This time: Kasper Green Larsen

No slides!

Basic Probabilistic Inequalities

The Dictionary Problem: set \(S\) of \(n\) keys: \(x_1,\cdots,x_n\) from a universe \([U]=\{0,\cdots,U-1\}\). Goal: To store \(S\) in a data structure s.t., given a query element \(x\in[U]\), we can quickly determine whether \(x\in S\).

Hashing with Chaining: A data structure solves the dictionary problems: Construct an array \(A\) with \(m\) entries, denoted \(A[0],\cdots,A[m-1]\).

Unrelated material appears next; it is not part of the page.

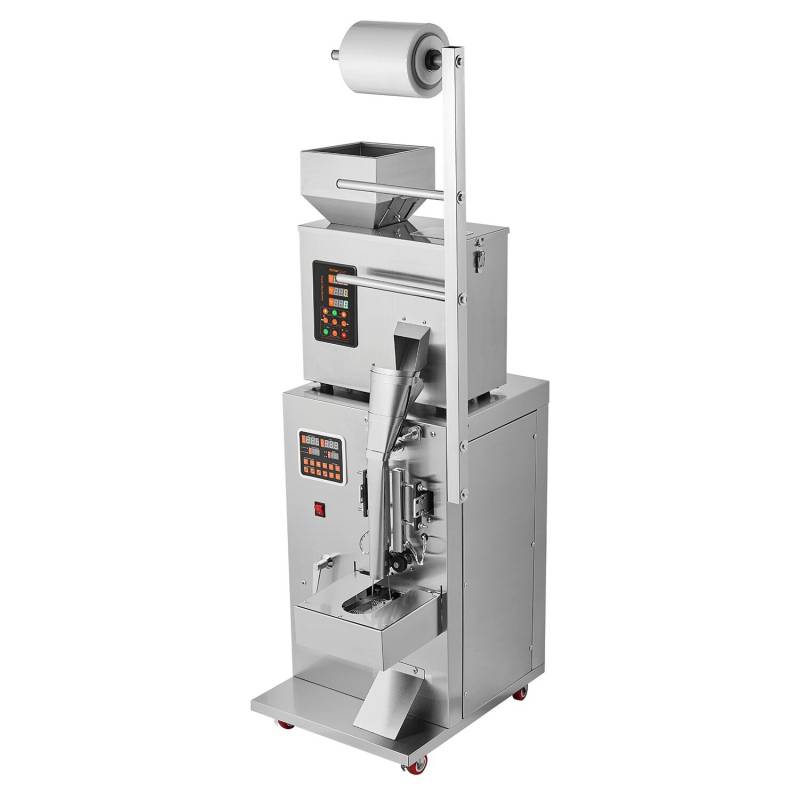 Automatinė dalelių pakavimo mašina, 1-100 g0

Each array entry stores an initially empty linked list.
Denote the list stored at entry \(i\) by \(List(A[i])\).
Pick a random hash function \(h:[U]\rightarrow[m]\)

Assumption: \(h\) is truly random and can be evaluated in constant time, i.e.,

\(\forall\) set of distinct elements \(\{x_1,\cdots,x_k\}\subseteq[U]\) and \(\forall\) set of values \(v_1,\cdots,v_k\in[m]\), we have \(\Pr_h[h(x_1)=v_1\land\cdots\land h(x_k)=v_k]=\frac{1}{m^k}\).
we can compute \(h(x)\) in \(O(1)\) time.
After choosing \(h\), we process \(x_1,\cdots,x_n\) of \(S\). For element \(x_i\), we compute \(h(x_i)\) and append \(x_i\) to the list \(List(A[h(x_i)])\).
To answer whether an element \(x\) is in \(S\), we simply compute \(h(x)\) and scan through the list \(List(A[h(x)])\) to see if it is there.
Space: \(O(m+n)\).

Linearity of Expectation

Analyze the expected query time of hashing in chaining.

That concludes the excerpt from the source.